Счастливая и гордая, как девчонка, сумевшая одним-единственным угольком передать на холсте и голубое небо, и зеленую рощу, и красные гроздья рябины, Бернарда широко улыбалась.
– Кто бы подумал, что к нему присоединится Майкл? Они ловят рыбу вместе, это да, но если Мак носит ее на кухню Антонио, который, к слову говоря, – в этом месте она наклонилась к самому его уху и доверительно, прикрыв рот щитком из ладони, прошептала, – бурчит, что таких сортов не знает, и приправлять ему, мол, ее нечем, то Майкл всегда выпускает обратно. Да и для ловли использует какой-то щадящий метод, чтобы не калечить. В общем, по-моему, он больше что-то изучает, чем добывает пропитание.
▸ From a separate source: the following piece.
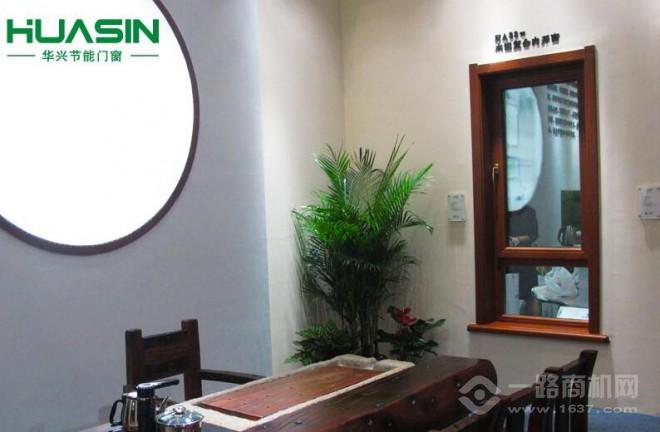 华兴节能门窗 华兴节能门窗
Дрейк слушал, молчал и улыбался. Он отдыхал. Впервые за долгое время он позволил себе немного расслабиться, но вовсе не потому, что неожиданно закончилась работа, а от осознания факта, что всерьез повлиять на текущее положение дел на Уровнях он на данный момент не в состоянии – все уже давно переведено на автомат, и, значит, сидеть и минуту за минутой осоловело созерцать монитор не имеет смысла. Этот процесс имеет массу отрицательных сторон и ни одной положительной, в то время как яркое теплое солнце Финляндии, пусть даже всего не несколько минут – это совсем другое дело.
– А Ани? Чем занимается она?
– О-о-о, она бегает по утрам с Бартом вдоль озера, по лесу; нашла какую-то тропинку, говорит, воздух свежий – ей нравится. А после обычно толкется на кухне – пробует многочисленные рецепты кофе со специями из книги, которую я ей подарила, – и мешает Антонио. Тот ворчит, но терпит, ему самому интересно. Он вообще часто ворчит: на то, что нет нужных продуктов, приправ, на то, что не хватает утвари. И изредка на Клэр…
– А на нее почему?
Их переплетенные пальцы грели друг друга, а посылаемые вдоль позвоночника волны счастья от поглаживания Дрейком ее ладони заставляли Дину довольно жмуриться.
– За то, что она теперь часами вышивает на крыльце. Я достала ей новую интересную вышивку, объемную – там специальные нитки и бусины, из них получаются прекрасные пейзажи – вот она и увлеклась. Говорит Антонио, что тот прекрасно справляется сам, и на кухню не идет. Но они не ругаются, нет, просто ворчат друг на друга, посмеиваются. Я просто заметила, что ей грустно, понимаешь?